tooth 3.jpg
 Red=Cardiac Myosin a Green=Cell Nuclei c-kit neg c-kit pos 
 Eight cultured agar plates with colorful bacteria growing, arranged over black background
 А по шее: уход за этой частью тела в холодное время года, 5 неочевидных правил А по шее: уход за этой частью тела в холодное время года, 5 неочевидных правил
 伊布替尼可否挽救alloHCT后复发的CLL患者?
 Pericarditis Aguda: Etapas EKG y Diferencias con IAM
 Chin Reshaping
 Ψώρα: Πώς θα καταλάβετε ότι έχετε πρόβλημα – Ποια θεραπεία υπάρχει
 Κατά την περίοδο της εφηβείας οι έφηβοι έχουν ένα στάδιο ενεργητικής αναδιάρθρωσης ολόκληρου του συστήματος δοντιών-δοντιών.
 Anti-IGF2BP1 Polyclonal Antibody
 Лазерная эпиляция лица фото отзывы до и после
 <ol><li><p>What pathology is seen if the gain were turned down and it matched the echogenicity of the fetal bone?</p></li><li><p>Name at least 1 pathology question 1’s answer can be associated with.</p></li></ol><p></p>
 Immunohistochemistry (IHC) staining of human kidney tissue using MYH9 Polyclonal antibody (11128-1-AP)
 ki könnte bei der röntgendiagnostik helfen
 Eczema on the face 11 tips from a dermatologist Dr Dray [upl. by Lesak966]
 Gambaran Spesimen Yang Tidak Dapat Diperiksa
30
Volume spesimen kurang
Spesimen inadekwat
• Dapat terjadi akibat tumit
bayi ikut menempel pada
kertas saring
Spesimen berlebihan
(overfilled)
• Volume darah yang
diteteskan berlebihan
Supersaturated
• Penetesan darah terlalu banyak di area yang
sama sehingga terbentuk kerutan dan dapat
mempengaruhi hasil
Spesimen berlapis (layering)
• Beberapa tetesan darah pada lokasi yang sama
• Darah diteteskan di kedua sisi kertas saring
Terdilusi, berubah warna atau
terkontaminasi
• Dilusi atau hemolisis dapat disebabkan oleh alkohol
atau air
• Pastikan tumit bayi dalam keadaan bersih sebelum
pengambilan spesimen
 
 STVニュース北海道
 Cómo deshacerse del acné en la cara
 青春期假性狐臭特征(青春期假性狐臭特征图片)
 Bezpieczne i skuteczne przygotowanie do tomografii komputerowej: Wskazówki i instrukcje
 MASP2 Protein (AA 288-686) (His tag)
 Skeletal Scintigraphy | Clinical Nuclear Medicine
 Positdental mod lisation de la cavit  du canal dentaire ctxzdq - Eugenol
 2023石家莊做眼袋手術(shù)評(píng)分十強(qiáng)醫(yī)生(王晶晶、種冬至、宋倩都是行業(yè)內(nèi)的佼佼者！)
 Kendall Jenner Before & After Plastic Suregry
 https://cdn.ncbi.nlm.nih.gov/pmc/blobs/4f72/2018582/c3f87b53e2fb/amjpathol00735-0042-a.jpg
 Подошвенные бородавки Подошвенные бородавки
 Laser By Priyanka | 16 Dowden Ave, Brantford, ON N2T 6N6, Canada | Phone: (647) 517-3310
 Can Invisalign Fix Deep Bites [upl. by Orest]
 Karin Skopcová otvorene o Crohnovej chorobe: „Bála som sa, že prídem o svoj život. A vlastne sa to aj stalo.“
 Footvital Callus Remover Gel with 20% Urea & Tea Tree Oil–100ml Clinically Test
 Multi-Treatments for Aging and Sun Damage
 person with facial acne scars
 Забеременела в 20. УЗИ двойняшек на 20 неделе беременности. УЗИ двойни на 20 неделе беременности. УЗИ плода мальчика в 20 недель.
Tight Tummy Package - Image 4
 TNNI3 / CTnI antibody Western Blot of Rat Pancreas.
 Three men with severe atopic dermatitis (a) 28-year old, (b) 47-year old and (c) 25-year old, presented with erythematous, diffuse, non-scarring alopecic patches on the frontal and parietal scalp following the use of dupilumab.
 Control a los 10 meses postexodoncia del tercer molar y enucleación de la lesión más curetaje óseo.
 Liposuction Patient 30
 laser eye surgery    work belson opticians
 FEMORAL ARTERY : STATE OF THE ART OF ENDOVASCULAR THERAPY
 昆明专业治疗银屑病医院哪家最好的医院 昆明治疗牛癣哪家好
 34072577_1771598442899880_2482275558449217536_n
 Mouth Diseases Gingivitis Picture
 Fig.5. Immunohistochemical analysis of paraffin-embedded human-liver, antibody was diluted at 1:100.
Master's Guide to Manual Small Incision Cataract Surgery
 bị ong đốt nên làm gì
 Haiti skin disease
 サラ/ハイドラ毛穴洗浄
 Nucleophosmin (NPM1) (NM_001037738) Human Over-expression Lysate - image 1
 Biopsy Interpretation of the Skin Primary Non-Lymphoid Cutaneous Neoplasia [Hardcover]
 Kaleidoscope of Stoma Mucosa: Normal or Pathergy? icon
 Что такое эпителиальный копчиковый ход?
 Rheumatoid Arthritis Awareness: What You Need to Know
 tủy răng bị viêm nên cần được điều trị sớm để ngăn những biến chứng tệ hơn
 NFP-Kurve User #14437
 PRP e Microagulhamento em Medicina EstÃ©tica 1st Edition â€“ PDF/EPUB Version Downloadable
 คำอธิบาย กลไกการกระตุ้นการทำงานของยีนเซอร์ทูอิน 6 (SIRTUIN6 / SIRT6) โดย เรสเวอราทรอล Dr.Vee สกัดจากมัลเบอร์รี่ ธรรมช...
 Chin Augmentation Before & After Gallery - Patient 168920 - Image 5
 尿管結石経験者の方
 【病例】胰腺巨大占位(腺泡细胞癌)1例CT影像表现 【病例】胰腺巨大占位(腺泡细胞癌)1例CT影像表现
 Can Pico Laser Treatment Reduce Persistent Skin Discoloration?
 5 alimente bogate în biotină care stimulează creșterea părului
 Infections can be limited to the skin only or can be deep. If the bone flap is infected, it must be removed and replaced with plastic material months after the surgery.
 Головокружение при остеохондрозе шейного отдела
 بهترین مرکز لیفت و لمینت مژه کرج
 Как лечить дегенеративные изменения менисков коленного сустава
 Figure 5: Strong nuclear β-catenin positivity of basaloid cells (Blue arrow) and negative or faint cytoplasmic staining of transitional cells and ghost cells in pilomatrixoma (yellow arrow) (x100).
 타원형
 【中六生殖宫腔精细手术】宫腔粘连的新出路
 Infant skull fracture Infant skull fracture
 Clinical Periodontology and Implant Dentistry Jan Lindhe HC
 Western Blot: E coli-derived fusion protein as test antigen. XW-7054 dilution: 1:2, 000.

========

*TRY IT*
Set down, exactly as they appear above, all lines from the one that has "FEMORAL ARTERY : STATE" down to the one that has "bị ong đốt nên làm gì", including those two and no others.

*REPLY*
 FEMORAL ARTERY : STATE OF THE ART OF ENDOVASCULAR THERAPY
 昆明专业治疗银屑病医院哪家最好的医院 昆明治疗牛癣哪家好
 34072577_1771598442899880_2482275558449217536_n
 Mouth Diseases Gingivitis Picture
 Fig.5. Immunohistochemical analysis of paraffin-embedded human-liver, antibody was diluted at 1:100.
Master's Guide to Manual Small Incision Cataract Surgery
 bị ong đốt nên làm gì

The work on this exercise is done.